When God changes a person, it affects a family, family affects neighborhood, neighborhood affects community, community affects state, state affects nation, nation affects world... all of this happens more than we know, that's why it is so important to teach and live informed by the revealed will of God, all of life discipleship.

Look at Mr. Calvin's Geneva for example of this.


----------



## Contra_Mundum (Sep 24, 2011)

Luther is alleged to have said (and many things so claimed are little more than rumors) that all he did was preach the gospel, and drink Wittenburg ale, and God did all the rest. And that sentiment rings true to me, regardless of how accurate the attribution. If I make it part of my job description to "change culture," or even "change people," I am pretty sure the truly vital aspects of my ministry are going to suffer.

There are always a handful of extraordinarily gifted people--like Calvin or Knox--who seem (and its probably more like providentially situated than intentional) like they had power to shape the society around them. But not every minister has those gifts. Many of us have just enough power to fulfill the minimum requirements of our vocation, while we struggle to maintain order in our homes, keep healthy relationships going with the people in our circles, and have a godly attitude more often than we display a sour one.

I think its cruel, and basically ignorant, to demand of pastors or missionaries that they automatically assume the burden of "transformation," along with their responsibility to shepherd the meek, but sometimes truculent sheep of Christ's fold.

If God has called you to be a public "mover-and-shaker" within the scope of your ministry, fine. Have at it, because I'm sure your core duties won't suffer for your aspirations. You'd never let that happen, right? But I have a request:Please don't make your extravagant expectations the standard expected from EVERY minister. Please don't get angry and resentful with the rest of us who aren't eager to add more to our full-plate. Because after you realize that your goals require cooperation, and your fellow-laborers aren't jumping on the bandwagon you're driving, the temptation is to criticize the others for their "lack of zeal," unfaithfulness to the legacy of "Calvin" (which of course you are so powerfully embodying), and the "non-Reformed" character of their ministry.​

More power to the Christian architect (plumber, magistrate, mother, etc.), whose faith informs his narrow endeavors. I'm a minister of Word and Sacrament. I am a Minister in another Man's government. His is a kingdom that is not of this world, and I'm (supposed to be) helping weary pilgrims make it through this wilderness, rather than developing the occasional oases into tony resorts. "Who is sufficient for _these things_," let alone for politics, government, economics, education, arts, and the rest of the social fabric all around us? No, not my responsibility, thank you very much. I'll leave the "big-picture" to the Christ who looks down upon the whole thing, and understands it all, and is managing its progress.


----------



## PuritanCovenanter (Sep 24, 2011)

We are called to go forth baptizing and making disciples. It matters not what the rank a person is in Society. Teaching them to observe all things whatsoever He commanded us in the scriptures. We are to overcome evil with good. We are called to proclaim... 
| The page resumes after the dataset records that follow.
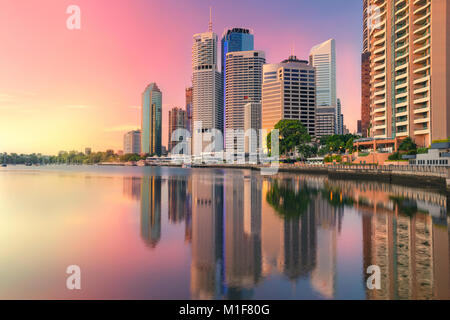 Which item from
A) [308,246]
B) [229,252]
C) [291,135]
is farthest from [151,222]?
[291,135]

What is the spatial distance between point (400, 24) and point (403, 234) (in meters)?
108

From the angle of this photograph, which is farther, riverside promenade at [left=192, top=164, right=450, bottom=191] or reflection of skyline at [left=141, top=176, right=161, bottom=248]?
riverside promenade at [left=192, top=164, right=450, bottom=191]

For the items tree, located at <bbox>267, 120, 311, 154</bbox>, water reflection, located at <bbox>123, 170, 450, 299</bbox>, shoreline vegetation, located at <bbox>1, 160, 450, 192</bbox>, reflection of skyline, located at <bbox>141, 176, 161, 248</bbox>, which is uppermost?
tree, located at <bbox>267, 120, 311, 154</bbox>

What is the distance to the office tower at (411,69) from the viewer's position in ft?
305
> (Act 17:29) Forasmuch then as we are the offspring of God, we ought not to think that the Godhead is like unto gold, or silver, or stone, graven by art and man's device.
> 
> (Act 17:30) And the times of this ignorance God winked at; *but now commandeth all men every where to repent*:
> 
> (Act 17:31) Because he hath appointed a day, in the which he will judge the world in righteousness by that man whom he hath ordained; whereof he hath given assurance unto all men, in that he hath raised him from the dead.



After all, all authority in Heaven and Earth are given unto King Jesus. And whether they be heads of households or heads of state they are called to acknowledge the King. We are to warn them that they need to kiss the Son lest He be angry with them. The transformation comes from God. By our overcoming evil with good things around us will be transformed or changed. The healing of societal evil is restrained and overcome by our works done in faith because of the Love of God shed abroad in our hearts. Even in the unregenerate. God rains upon the just and the unjust. It is a war of worship. The devil comes to destroy. Christ came that we may have life and have it more abundantly.


----------



## rbcbob (Sep 24, 2011)

Tim said:


> Pergs, what is your (biblical) definition of culture? Maybe we need to start from there.
> 
> ---------- Post added at 08:32 AM ---------- Previous post was at 08:30 AM ----------
> 
> The word "culture" is not in the KVJ, NKJV, NIV, NASB, or ESV.




The WORD culture does not appear in the Bible. 
However, the CONCEPT of culture is spoken of much.

CULTURE means different things to different people. In fact, the way that we have used it in the past few generations has changed somewhat from how it was used long ago.

Let’s try to track the development of this word and its meaning today. Then we can search our Bibles for principles that direct us in the way of the relationship between the Church and Culture.

 
1st WHAT IS CULTURE?

•	From Latin- cultura- meaning tillage or cultivation of the soil. Also from Latin- cultus- meaning worship or homage. Both the agricultural and religious meanings have been used in English for over 500 years.

•	As a term to describe the Civilization, Customs, & Artistic Achievements of a people, especially at a certain stage of its development or history__ “culture” has been used in English from the middle of the 19th century onward.

1936 Mind __ “In the modern world, with its ever-increasing facilities for culture-contacts, a world-culture is in process of formation.”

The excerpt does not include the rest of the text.